▸ Dataset entries
........

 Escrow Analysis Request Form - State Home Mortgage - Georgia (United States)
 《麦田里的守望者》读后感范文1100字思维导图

........

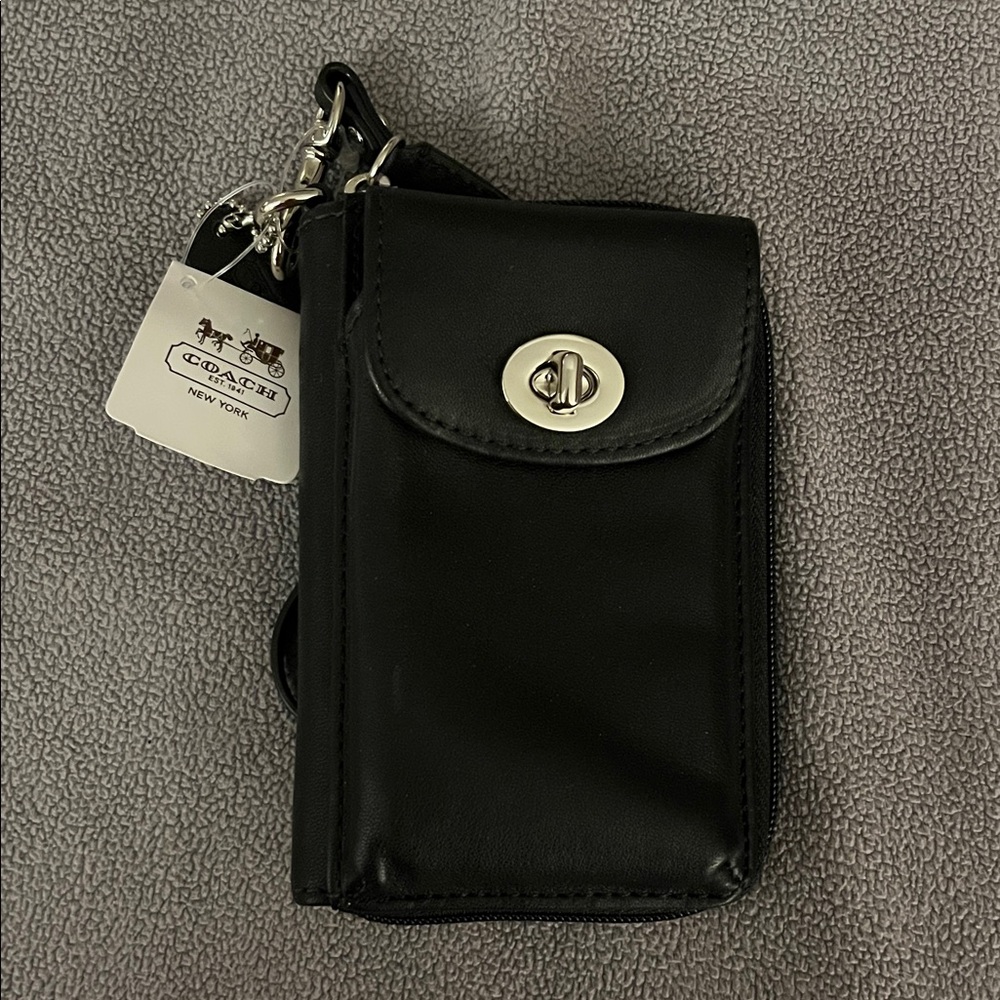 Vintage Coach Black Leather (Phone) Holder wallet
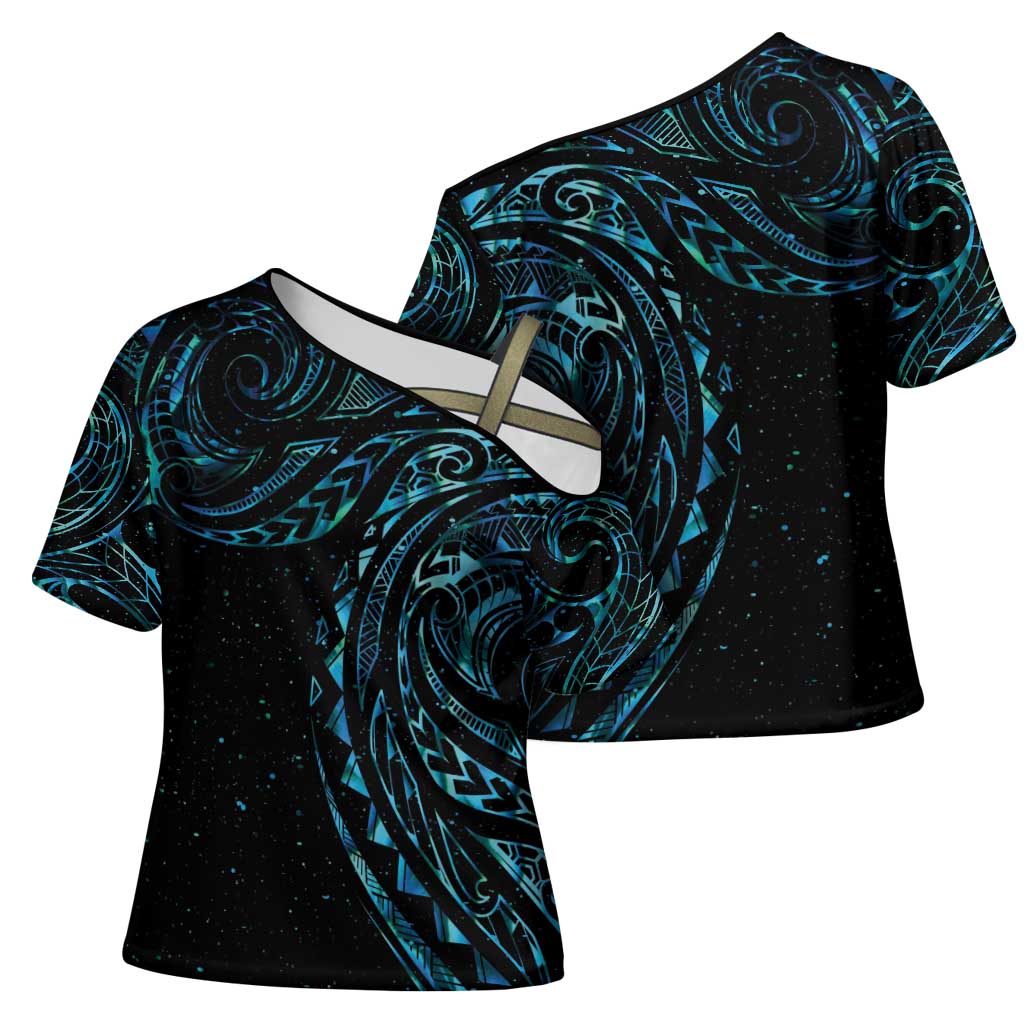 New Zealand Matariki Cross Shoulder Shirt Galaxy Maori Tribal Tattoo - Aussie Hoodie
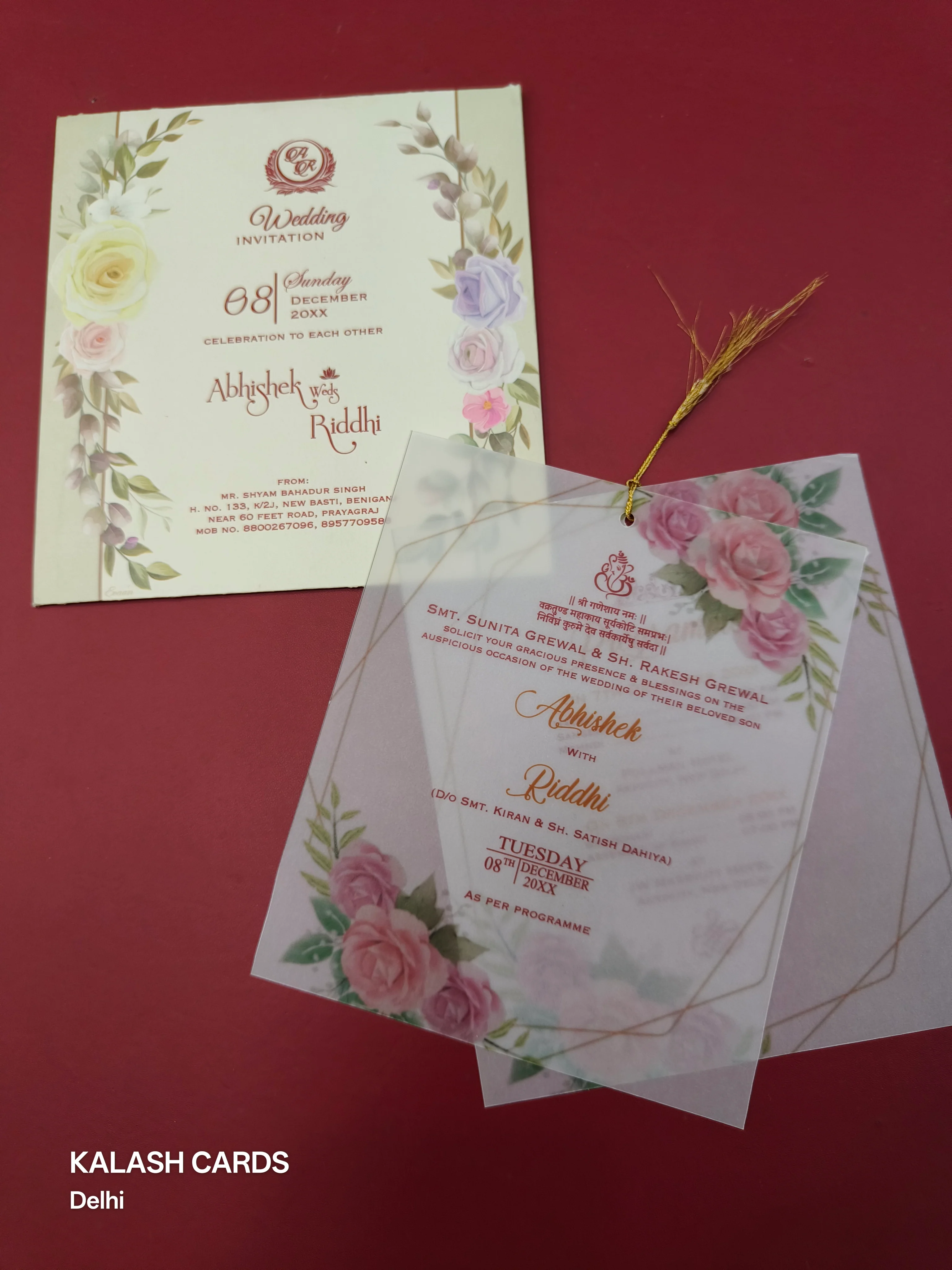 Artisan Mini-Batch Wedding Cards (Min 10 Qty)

........

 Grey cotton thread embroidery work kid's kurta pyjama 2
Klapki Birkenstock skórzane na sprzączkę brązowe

........

▸ Your objective
Exactly the lines starting at the one above with "New Zealand Matariki" and ending at the one with "Artisan Mini-Batch Wedding" should be printed, and nothing else. Omit the pictures.

▸ Solution to this exercise
 New Zealand Matariki Cross Shoulder Shirt Galaxy Maori Tribal Tattoo - Aussie Hoodie
 Artisan Mini-Batch Wedding Cards (Min 10 Qty)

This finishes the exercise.